**DESCRIPTION OF THE TASK**
If a record holds a picture, leave the picture out and repeat everything else exactly.

**RECORDS SHOWN**
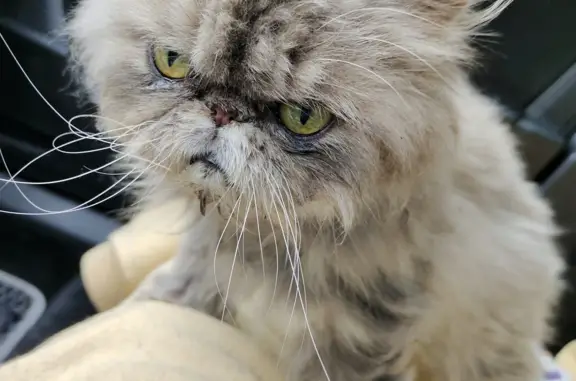 Найдена домашняя Персидская кошка в Московской области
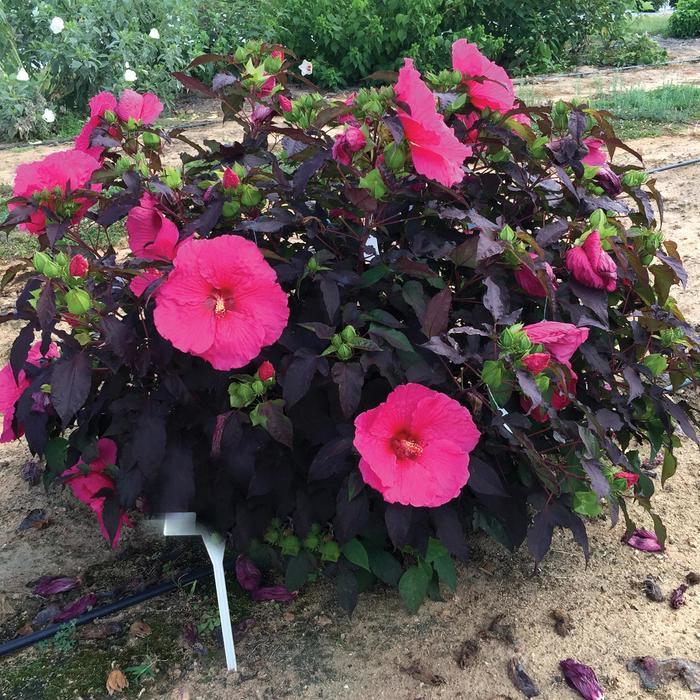 Hibiscus moscheutos Head Over Heels&reg; Passion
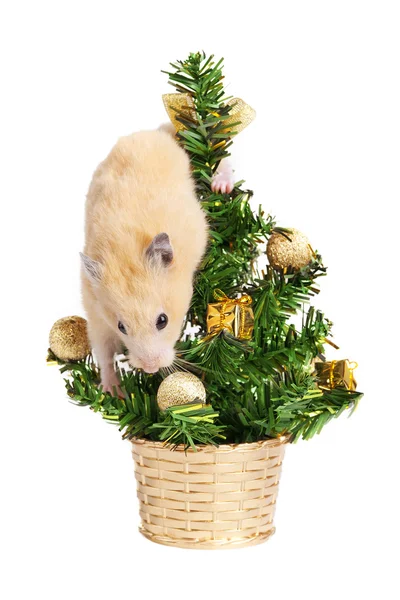 Hamster on the christmas tree — Stock Photo, Image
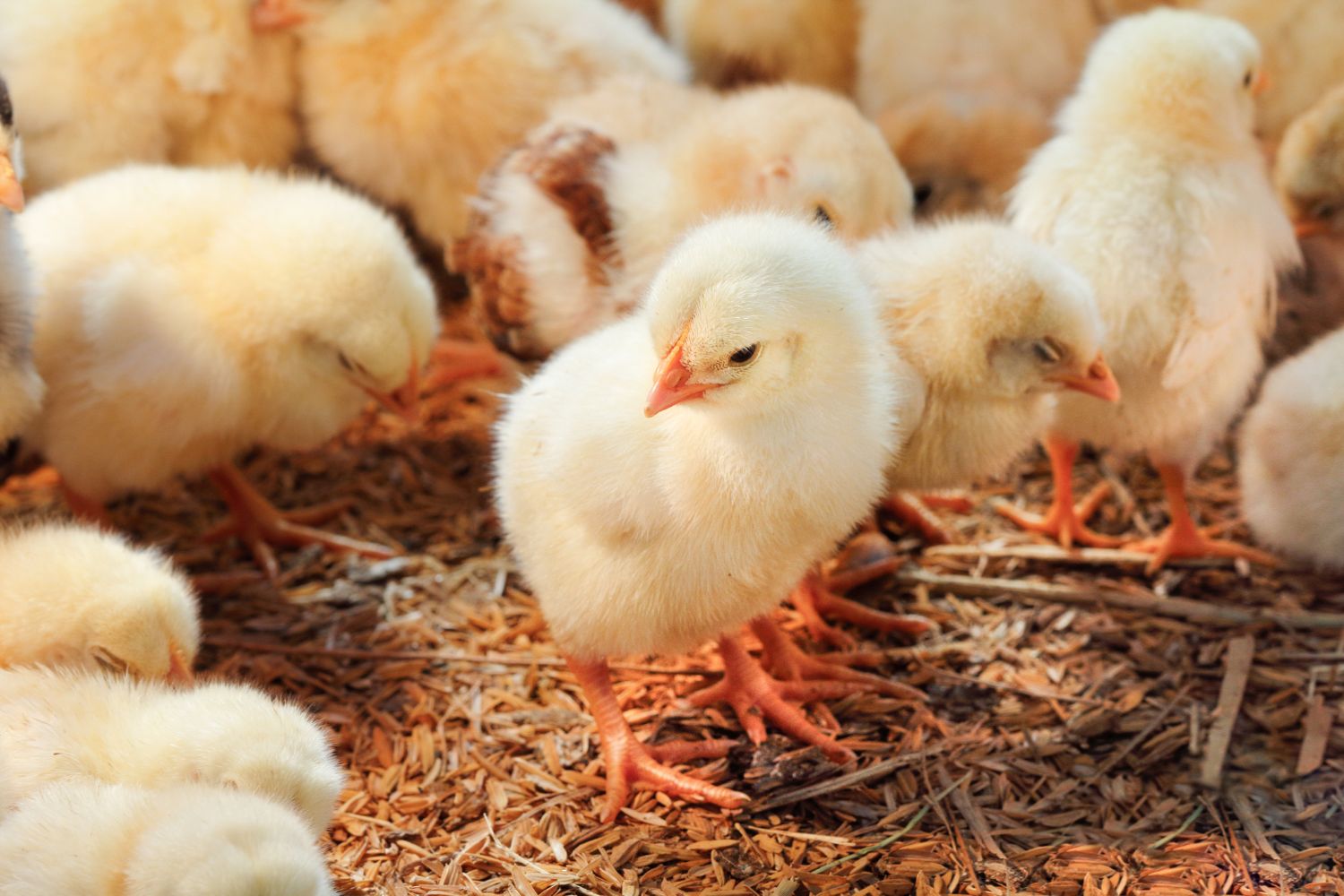 Elam Miller in article, Is Raising Chickens Actually Cheaper Than Buying Eggs? Chicken Keepers Weigh In. Baby chicks.
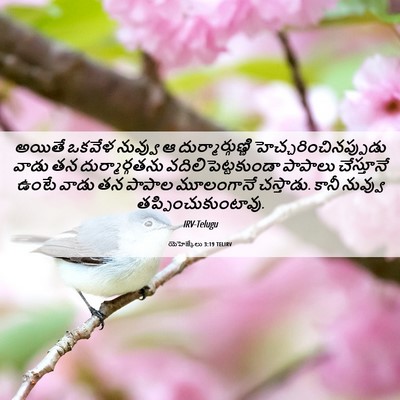 Picture 06 - యెహెజ్కేలు 3:19 TELIRV - అయితే ఒకవేళ - Bible Verse Picture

**EXERCISE SOLUTION**
 Найдена домашняя Персидская кошка в Московской области
 Hibiscus moscheutos Head Over Heels&reg; Passion
 Hamster on the christmas tree — Stock Photo, Image
 Elam Miller in article, Is Raising Chickens Actually Cheaper Than Buying Eggs? Chicken Keepers Weigh In. Baby chicks.
 Picture 06 - యెహెజ్కేలు 3:19 TELIRV - అయితే ఒకవేళ - Bible Verse Picture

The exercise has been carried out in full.